Previous winners: AJ Styles vs. John Cena at The Royal Rumble (Jan) and Braun Strowman vs. Big Show on 2/20 Raw (Feb)
Wrestler of the Month (March): Roman Reigns
I started handing out monthly awards in late 2014; as much as February was a wild-card, March was probably the most difficult pick for Wrestler of the Month that I can ever recall because, frankly, nobody had a complete month. Kevin Owens has been lights out as a persona, but nothing he has done in-ring has been particularly noteworthy. The Miz was brilliant on the microphone, creating one of the surprises of the WrestleMania Season on the strength of the verbal barbs he's been hurling at John Cena ahead of their mixed tag match, but his in-ring work has been scarce. AJ Styles has been even better than his usual rock solid self in the character department this month and he did have a good match with Randy Orton, but was he definitively better than Miz or Owens overall? Braun Strowman has arguably the two best matches of the month to his credit, but he has been reduced to an intimidated, defeated monster courtesy of everyone's favorite Undertaker.
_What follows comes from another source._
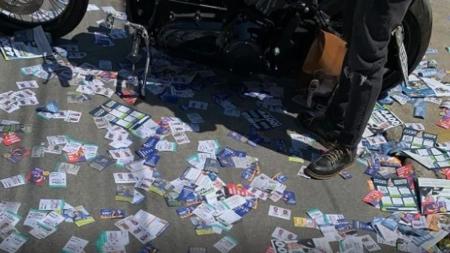 Motorista dispensa santinhos de madrugada, cena é filmada e ela é detida em casa na Grande BH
So, that left Roman Reigns. It has never been popular when I have picked him in the past, but read me out for a moment. While most have been thumbing their noses as usual about Roman’s character dynamic and WWE’s creative deployment of him, Reigns has been acting like a heel and doing a nice job of it throughout this program with Taker. He is not lighting the world on fire like some of his peers, but he has been interesting; anytime he shows attitude, it is far more organic than what has become his bog standard. When combined with the improvements as a personality, his being the other half of those aforementioned bouts with Strowman gave him a slight edge on the field this month.
Previous winners: John Cena (Jan) and Braun Strowman (Feb)
I’ll keep this brief because I find post-Mania predictions to be so difficult, but I am going to predict that WrestleMania 33 turns out to be a very good edition of “The Show of Shows” and perhaps one of the best examples of Mania being a variety show that we have ever seen. On Raw, Seth Rollins will lose to Triple H and start building toward a rematch sometime in the near future, Brock Lesnar will become champion and enter right into a program with Reigns, Owens will defeat Chris Jericho, and (boldest) Bayley will come out of WrestleMania weekend as truly the female Cena by way of getting booed by our community against cheers from young girls, exemplified by Sasha turning on her to a massive babyface reaction on Sunday. On Smackdown, Wyatt will remain WWE Champion and enter a feud with Dean Ambrose, Styles will beat Shane and start a lengthy series of matches with Randy Orton, Naomi will win back the Women’s Title, and The Miz will continue to engage with Cena. The post-Mania debuts will be a mixed bag, as Asuka will stay in NXT through Summerslam and The Revival will continue on in developmental as well, but Shinsuke Nakamura will debut on Smackdown to everyone’s delight; bank on at least two other call-ups that fall into the Apollo Crews category of “Why in the heck did they call him up?”